▶ _Task to carry out_: Without any of the pictures, print every record below exactly.

▶ _Data in this exercise_:
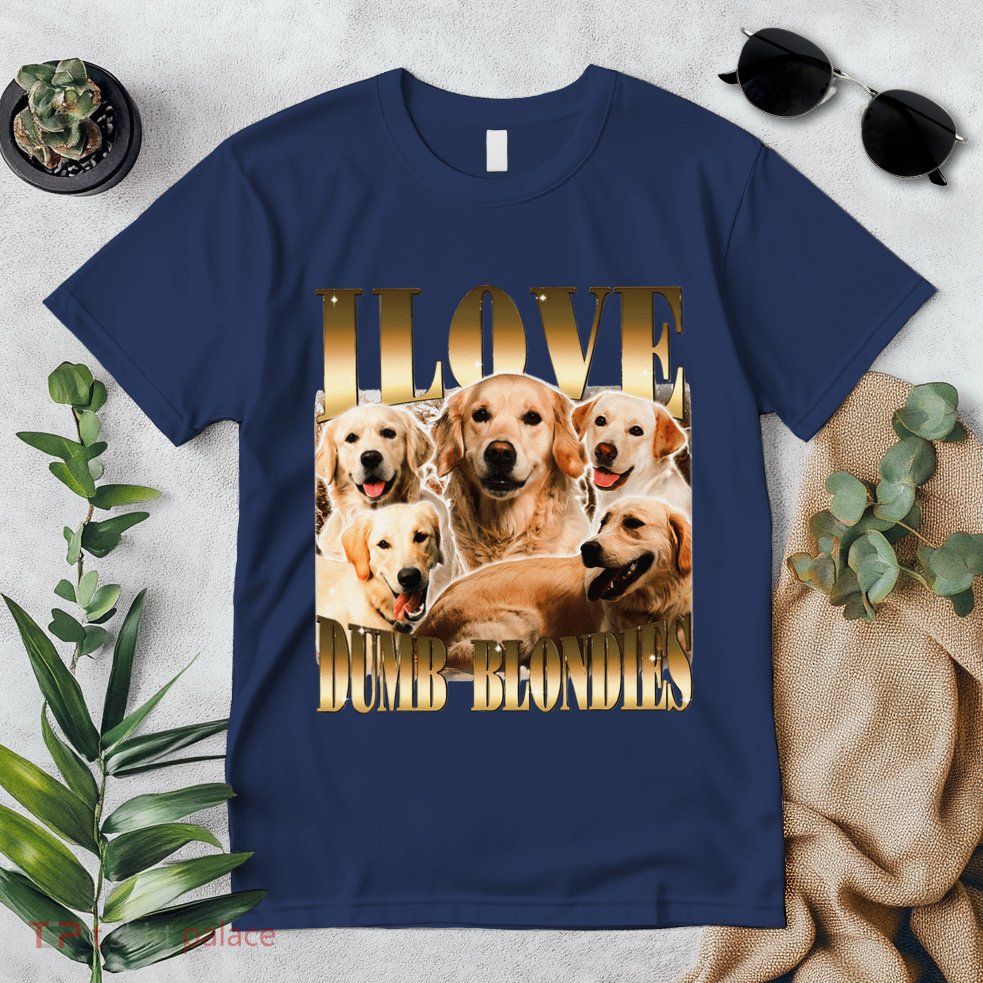 I Love Dumb Blondes Funny Meme Dog Lover Premium T-Shirt
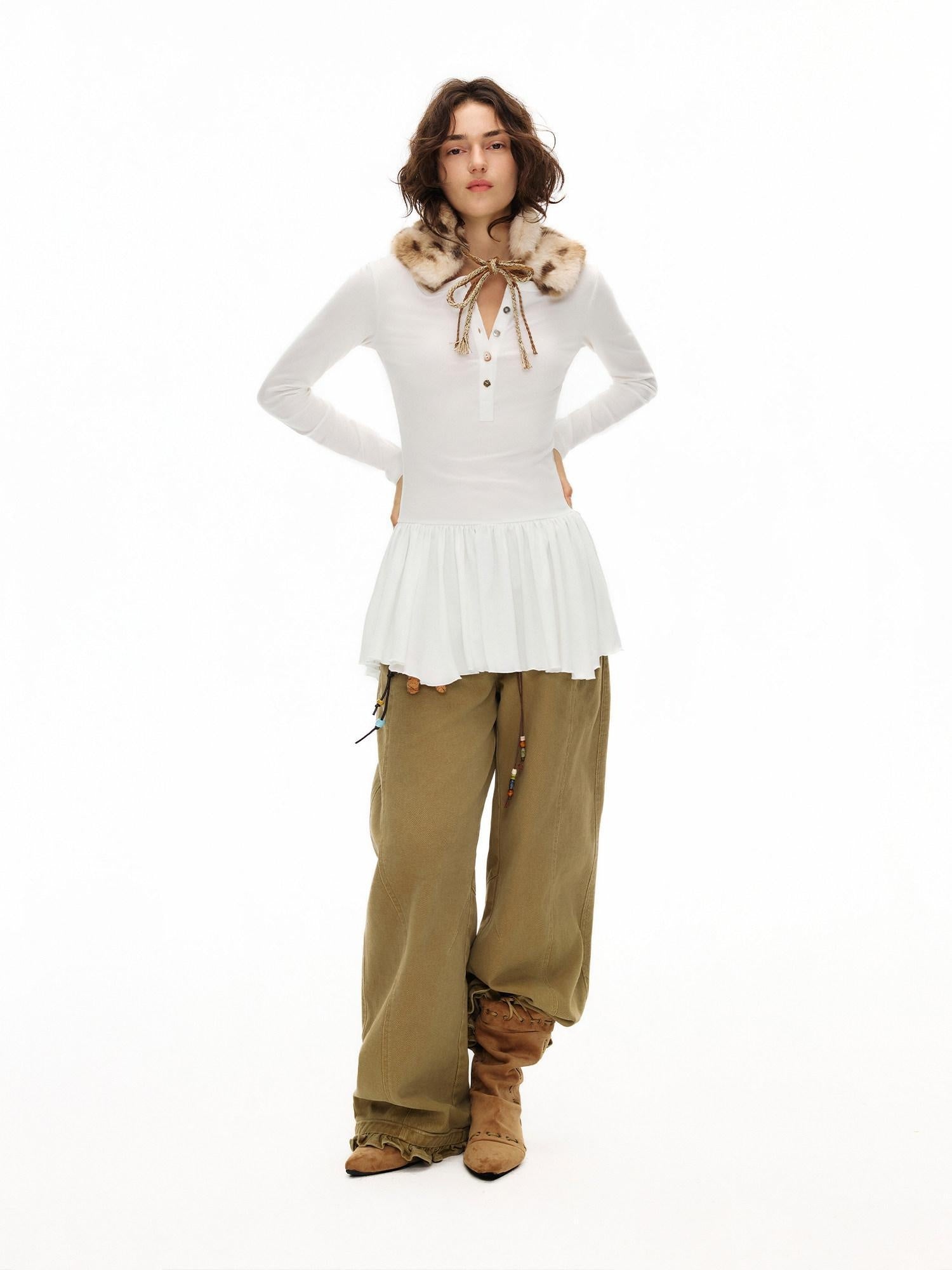 Outthe Blue Lyocell Stretch Asymmetrical Slim Fit Long Sleeve Women White Mini Dresses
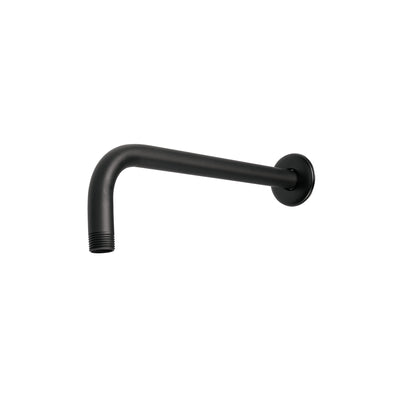 Brazo recto con chapetón para regadera, 40 cm, negro mate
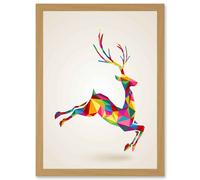 Leaping Running Deer Polygon A4 Artwork Framed Wall Art Print Artery8 Light Oak One Size
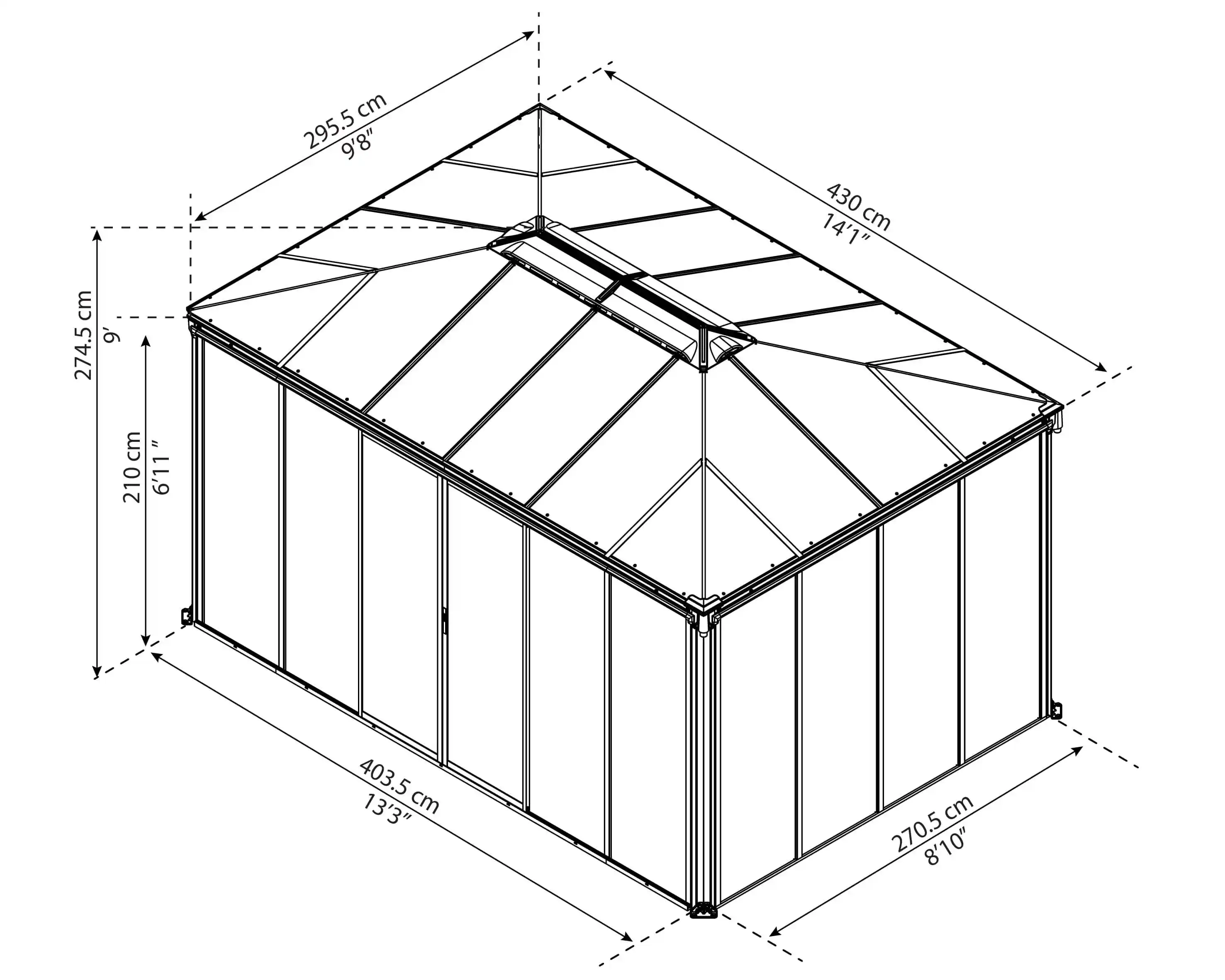 Canopia Ledro Geschlossener Pavillon 430X296cm Dunkelgrau Bronze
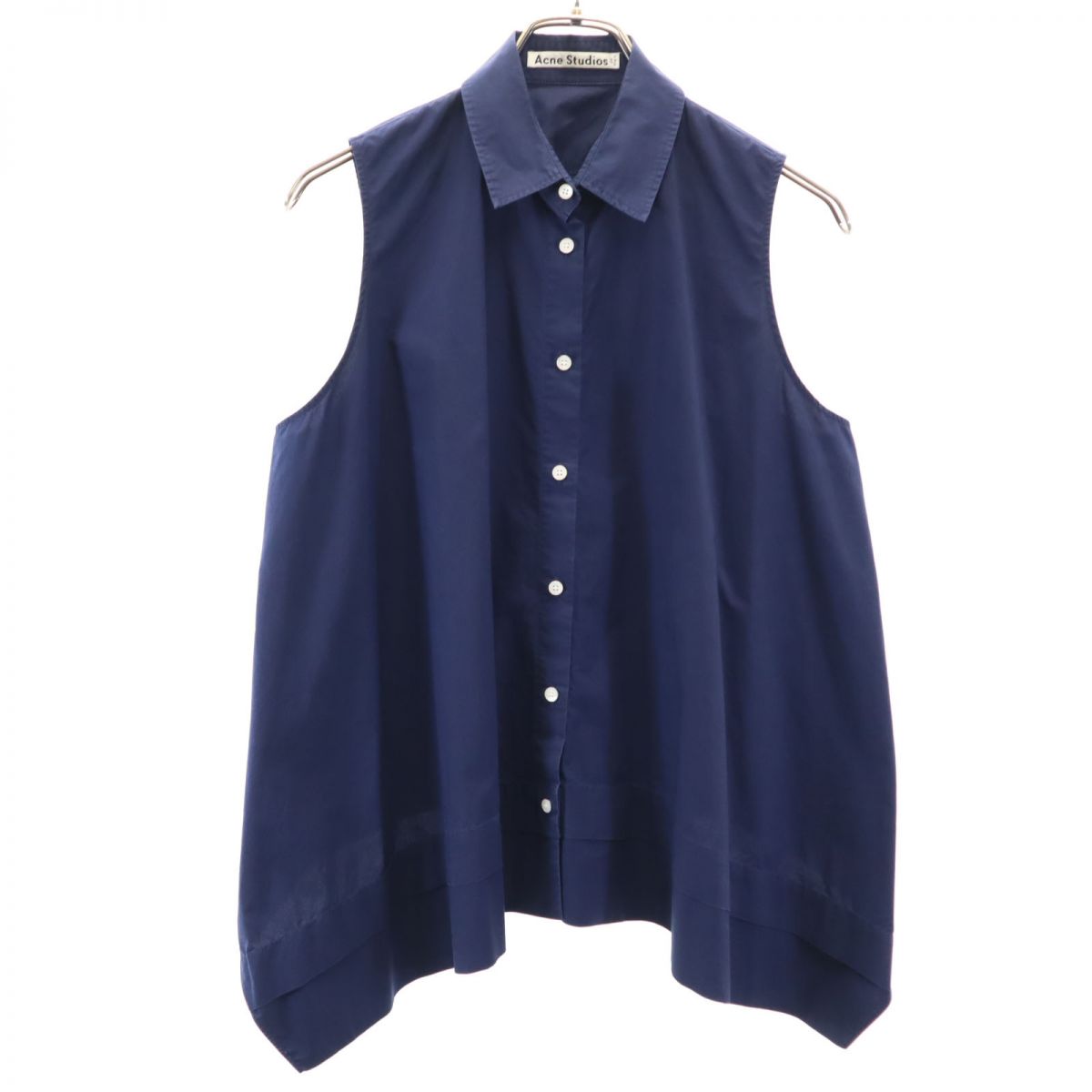 アクネストゥディオズ ノースリーブ シャツ 32 ネイビー ACNE STUDIOS カットソー レディース ACNE STUDIOS アクネストゥディオズ ノースリーブ シャツ 32 ネイビー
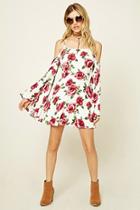 Forever21 Women's  Cream & Red Floral Open-shoulder Dress
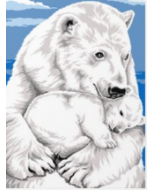 Voorbedrukt canvas/stramien knuffelde ijsbeer met jong om te borduren van Margot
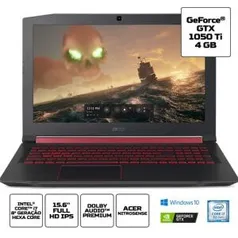 Acer Nitro 5 AN515-52-75Q8 i7-8750H 8ª 16GB SSD 512GB 1050Ti Tela 15.6” FHD | R$4.299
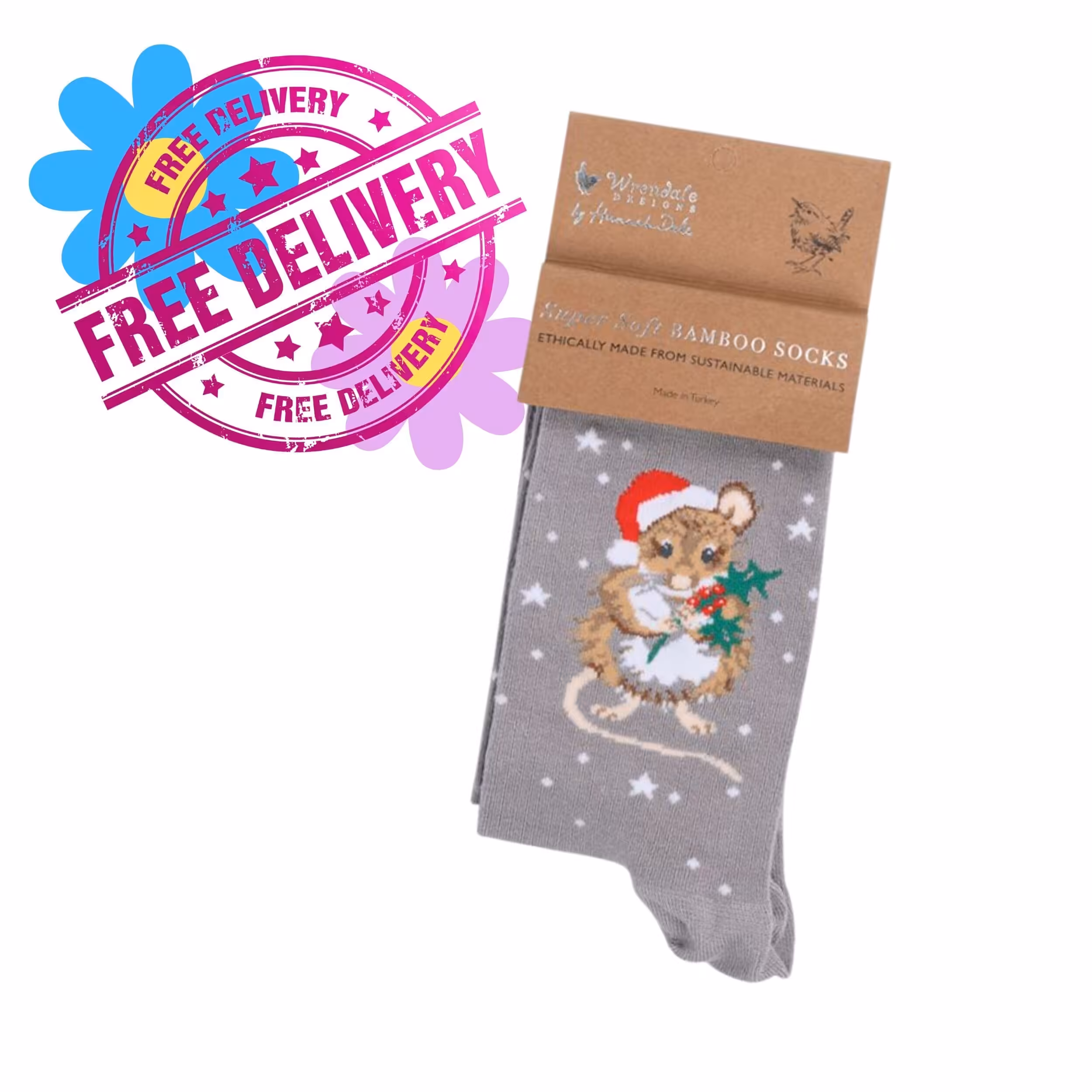 Wrendale Designs – “Christmouse” Grey Christmas Bamboo Socks Wrendale Designs – “Christmouse” Grey Christmas Bamboo Socks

▶ _Response_:
 I Love Dumb Blondes Funny Meme Dog Lover Premium T-Shirt
 Outthe Blue Lyocell Stretch Asymmetrical Slim Fit Long Sleeve Women White Mini Dresses
 Brazo recto con chapetón para regadera, 40 cm, negro mate
 Leaping Running Deer Polygon A4 Artwork Framed Wall Art Print Artery8 Light Oak One Size
 Canopia Ledro Geschlossener Pavillon 430X296cm Dunkelgrau Bronze
 アクネストゥディオズ ノースリーブ シャツ 32 ネイビー ACNE STUDIOS カットソー レディース ACNE STUDIOS アクネストゥディオズ ノースリーブ シャツ 32 ネイビー
 Forever21 Women's  Cream & Red Floral Open-shoulder Dress
 Voorbedrukt canvas/stramien knuffelde ijsbeer met jong om te borduren van Margot
 Acer Nitro 5 AN515-52-75Q8 i7-8750H 8ª 16GB SSD 512GB 1050Ti Tela 15.6” FHD | R$4.299
 Wrendale Designs – “Christmouse” Grey Christmas Bamboo Socks Wrendale Designs – “Christmouse” Grey Christmas Bamboo Socks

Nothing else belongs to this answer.